Problem to solve —
Below are records; print only the lines from the line containing "鲍鱼组合焖锅-和福顺·牛肉海鲜焖锅(汕头金平万达广场店)" to the end, both included, reproduced exactly and without the pictures.

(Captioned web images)
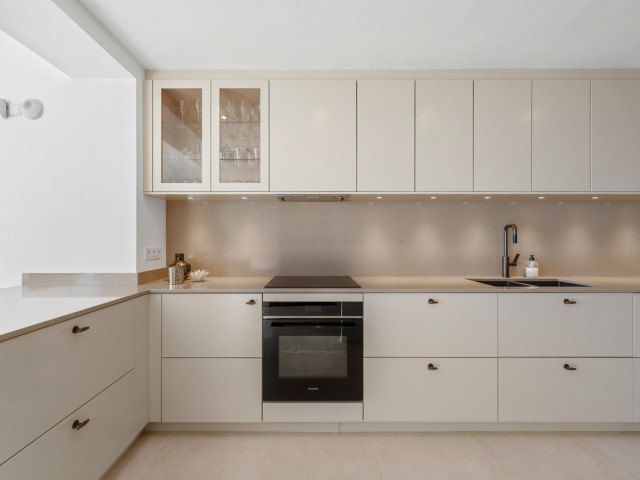 3 Soveroms Leilighet i Nueva Andalucía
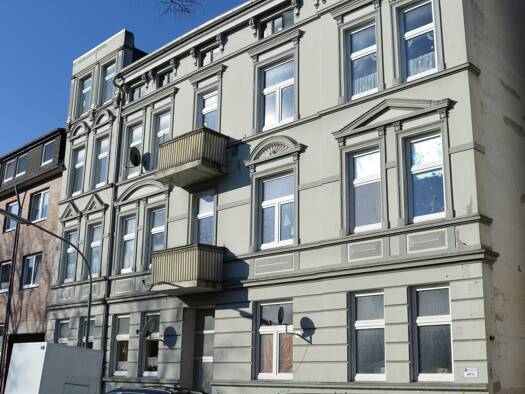 Wohnung zur Miete 384 € 3 Zimmer 64 m² EG Friederikenstraße 54 Heppens Wilhelmshaven 26384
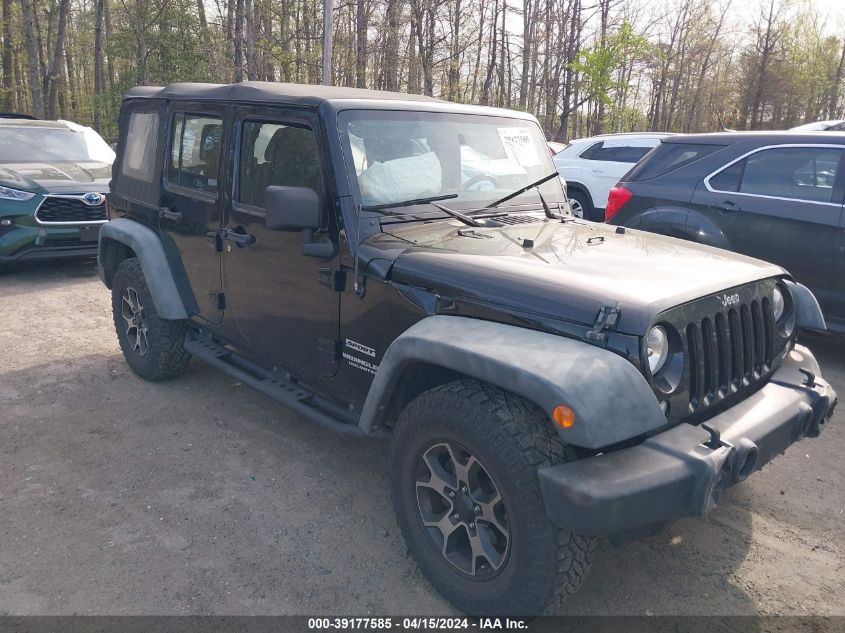 2015 JEEP WRANGLER UNLIMITED SPORT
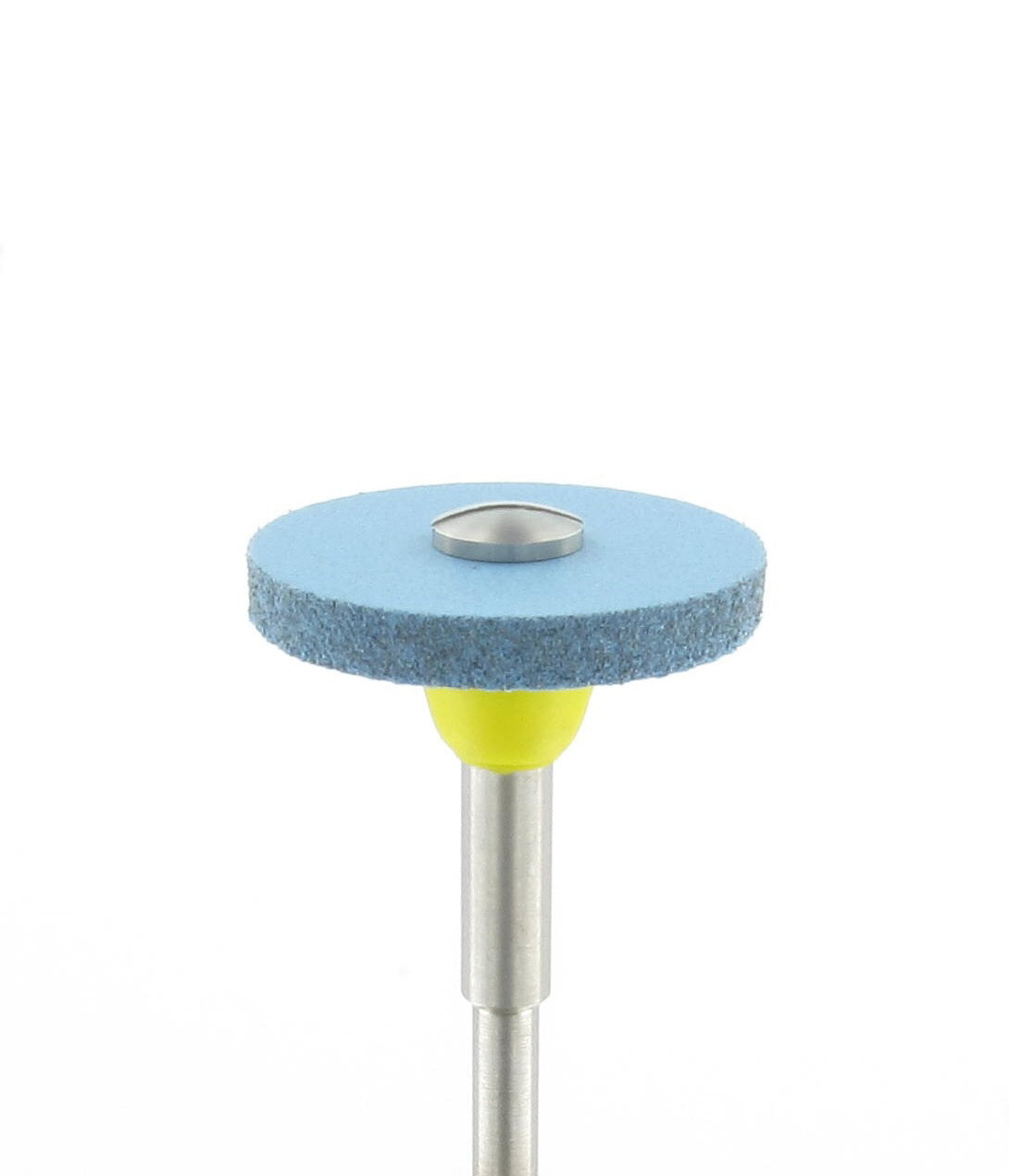NIQUA Keramikpolierer Rad Ø 17 mm grob – Diamantpolierer für Platinlegierungen
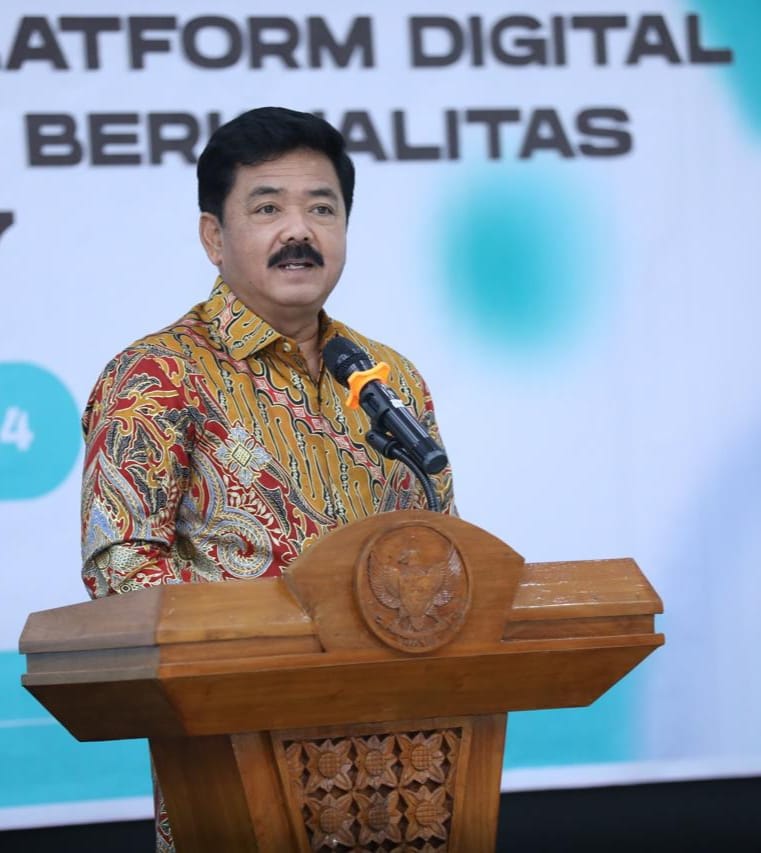 Menko Polhukam Hadi: Dewan Pers harus Laksanakan Tugas secara Independen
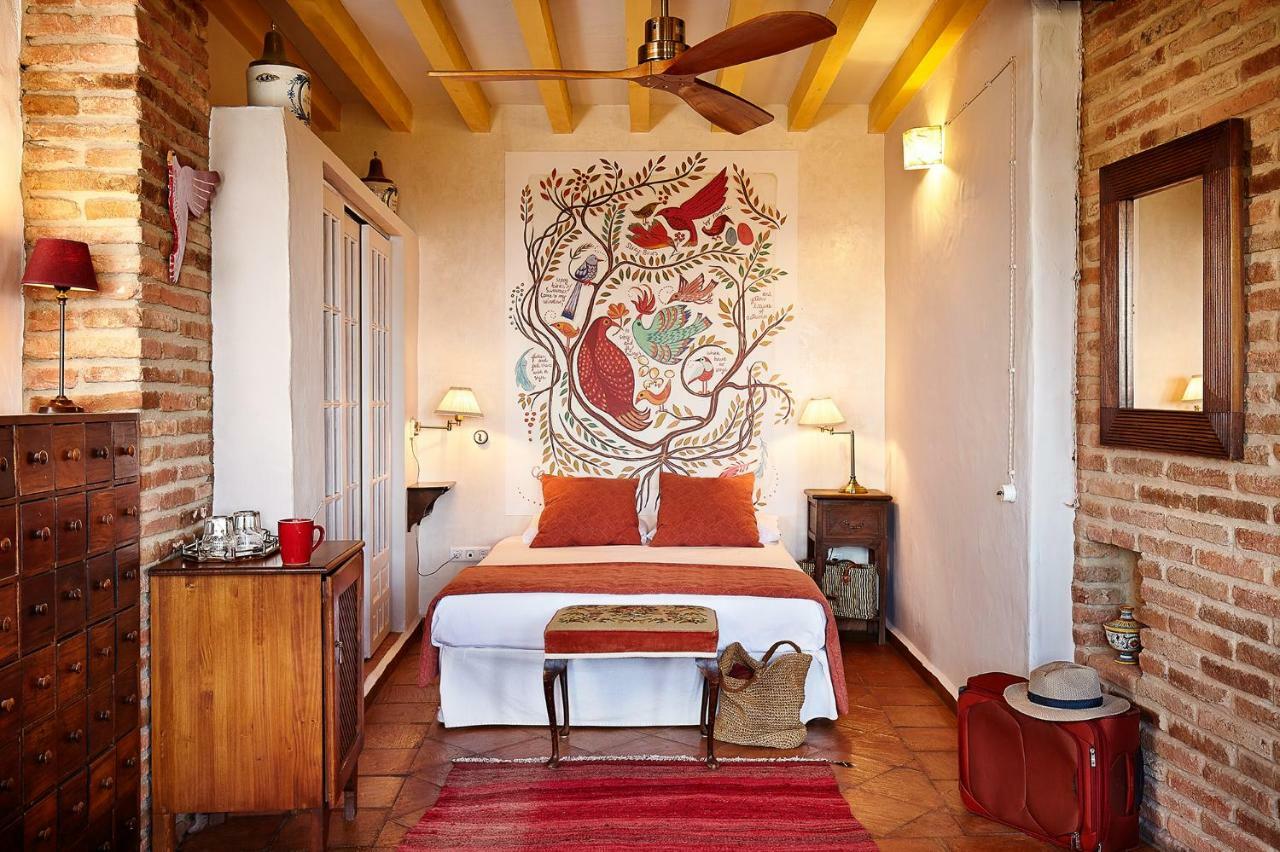 La Fructuosa Hotell Gaucín Exteriör bild
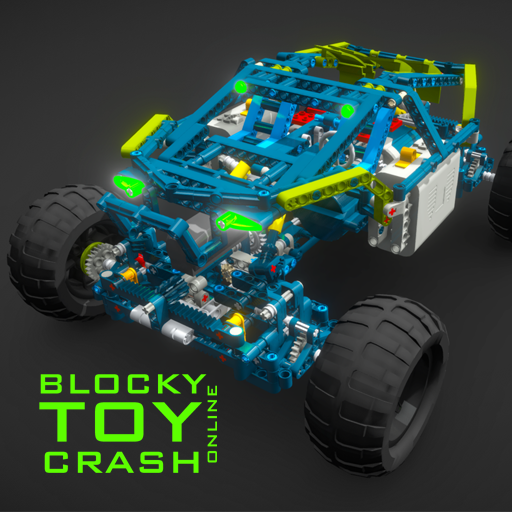 Blocky Toy Car Crash Online Скачать для Windows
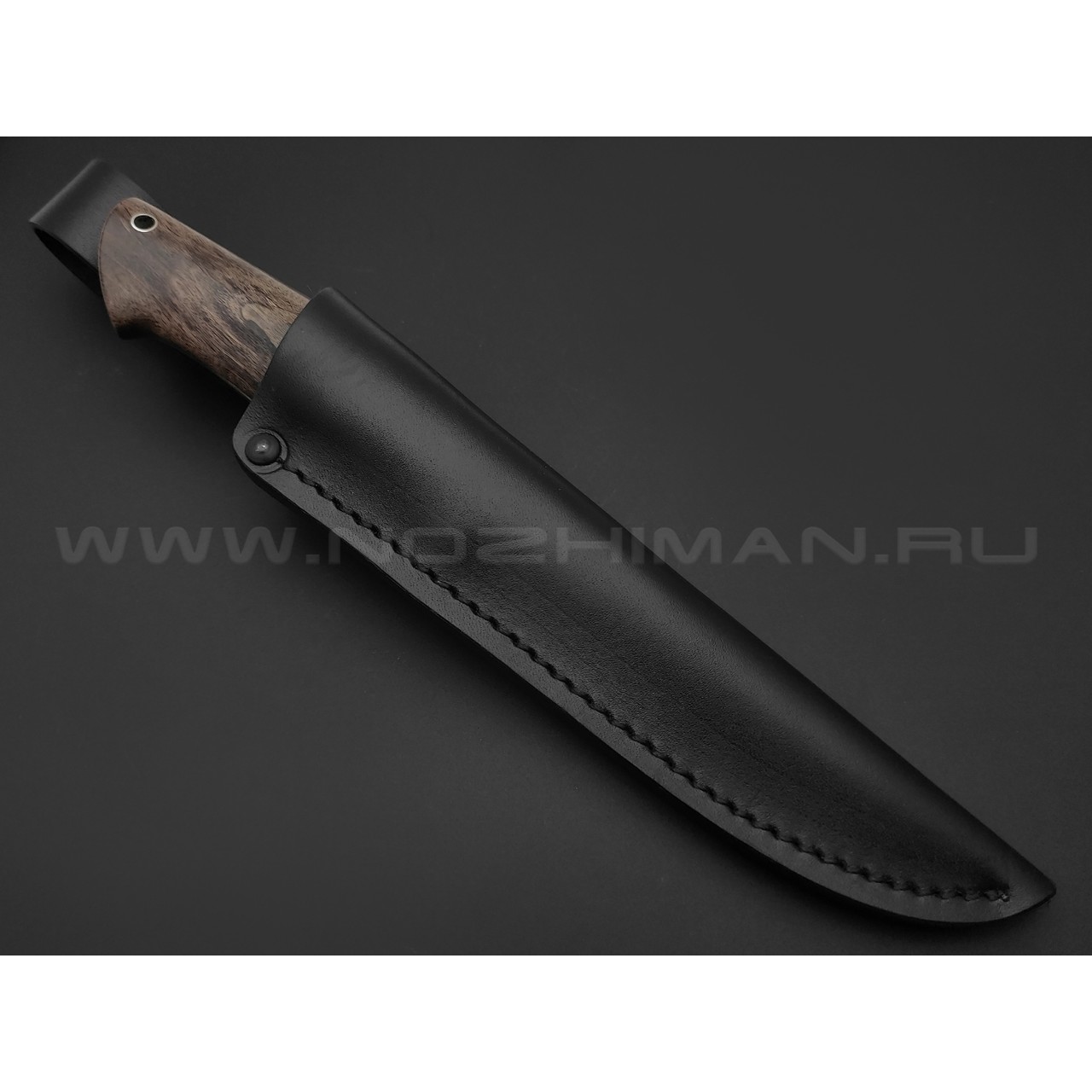 Кузница Ковчег нож Скаут сталь Elmax, рукоять Карельская береза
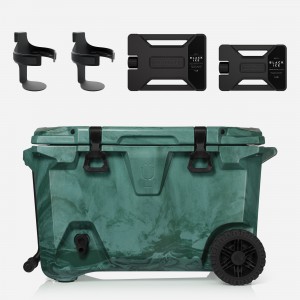 Bru Mate BrüTank Double Drink Holder Bundle Olijfgroen | NL_BRU33052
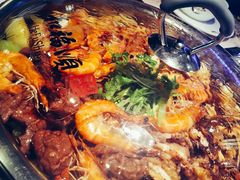 鲍鱼组合焖锅-和福顺·牛肉海鲜焖锅(汕头金平万达广场店)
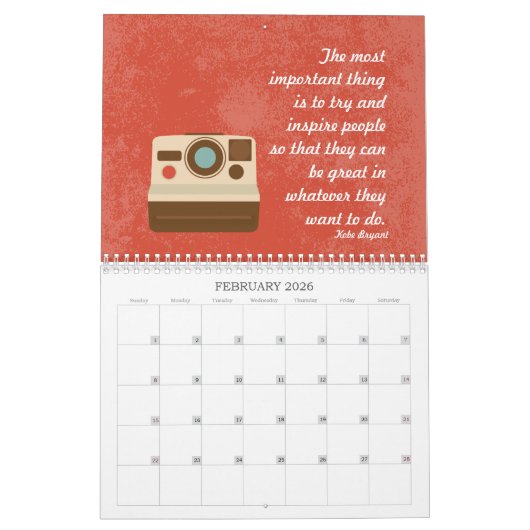  agenda kalender (Feb 2026)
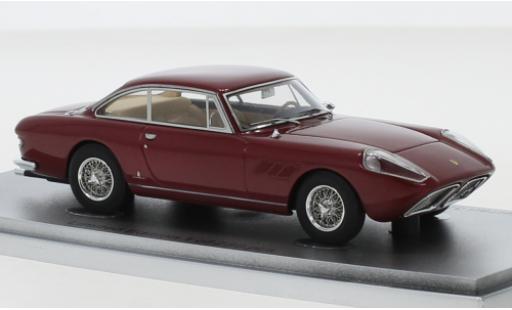 Ferrari 330 1/43 Kess GT 2+2 Shark Nose mettalic rot 1965 sn6537GT modellautos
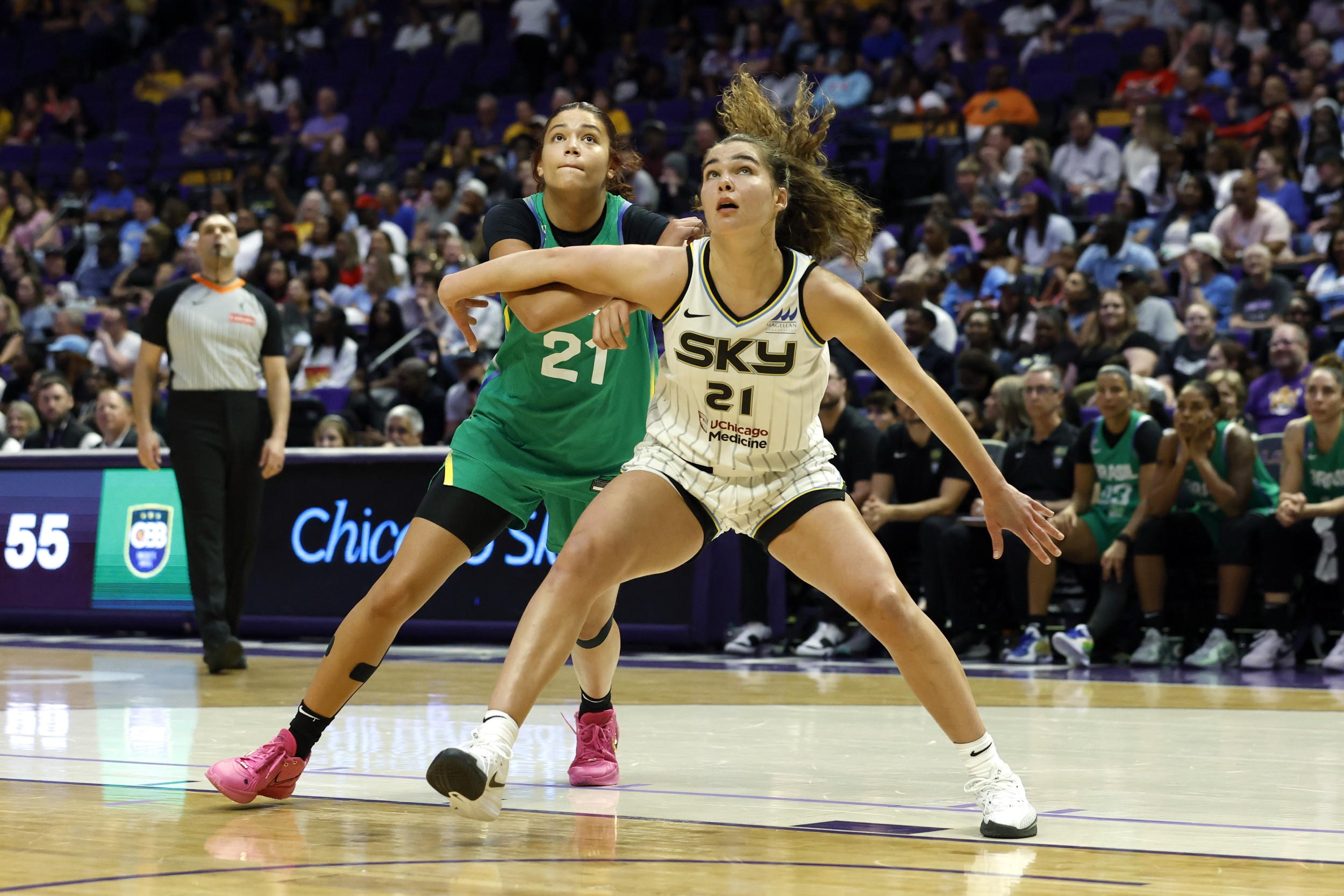 Maddy Westbeld Talks Notre Dame, Adjusting to the WNBA and Sibling Rivalry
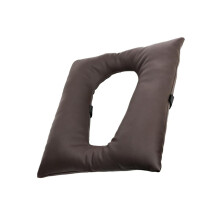 Stable Bathroom Toilet Chair Pad Constructed From Durable-brown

Exercise solution —
 鲍鱼组合焖锅-和福顺·牛肉海鲜焖锅(汕头金平万达广场店)
  agenda kalender (Feb 2026)
 Ferrari 330 1/43 Kess GT 2+2 Shark Nose mettalic rot 1965 sn6537GT modellautos
 Maddy Westbeld Talks Notre Dame, Adjusting to the WNBA and Sibling Rivalry
 Stable Bathroom Toilet Chair Pad Constructed From Durable-brown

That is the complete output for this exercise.